** Extracted material follows **
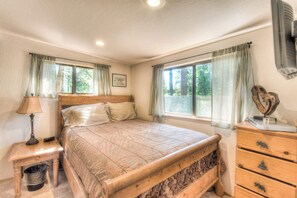 Primary bedroom: Full bed w/ Smart TV (Netflix, Hulu)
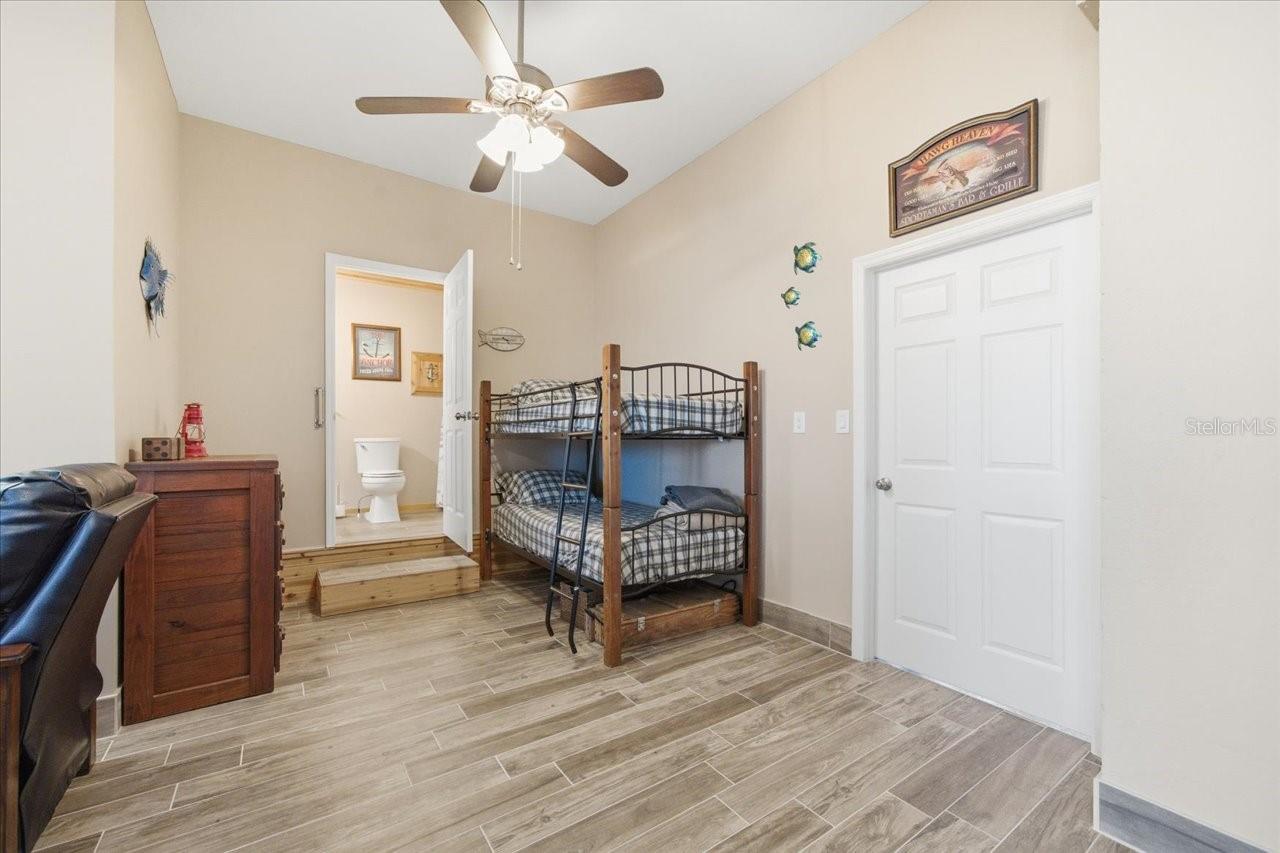 HERNANDO BEACH - Residential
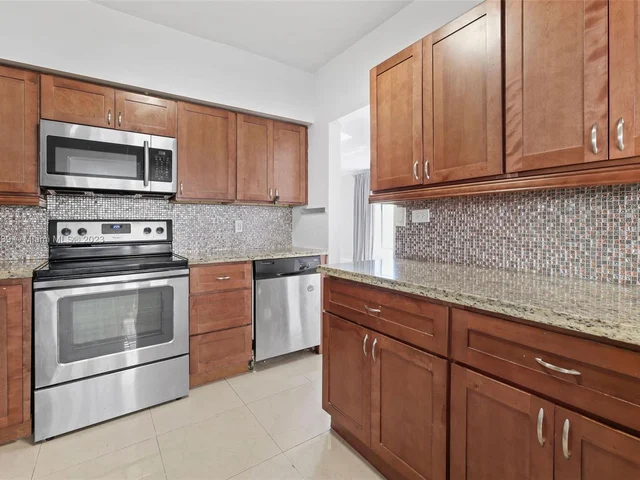 775 81st St, Miami Beach FL 33141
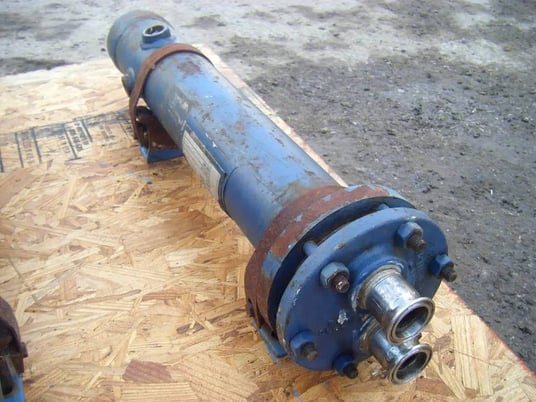4.5 sq.ft., 150 psi shell, 150 psi tube, Itt Bell & Gossett #SU-42-2, shell & tube heat exchanger, 1995 - Image 7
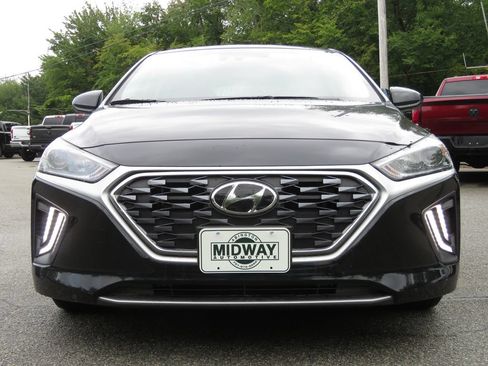 Used 2021 Hyundai Ioniq SE FWD image 2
** End of Extracted material **
**Task objective:** Repeat the records above verbatim. Include none of the pictures.

**Answer for this exercise:**
 Primary bedroom: Full bed w/ Smart TV (Netflix, Hulu)
 HERNANDO BEACH - Residential
 775 81st St, Miami Beach FL 33141
4.5 sq.ft., 150 psi shell, 150 psi tube, Itt Bell & Gossett #SU-42-2, shell & tube heat exchanger, 1995 - Image 7
 Used 2021 Hyundai Ioniq SE FWD image 2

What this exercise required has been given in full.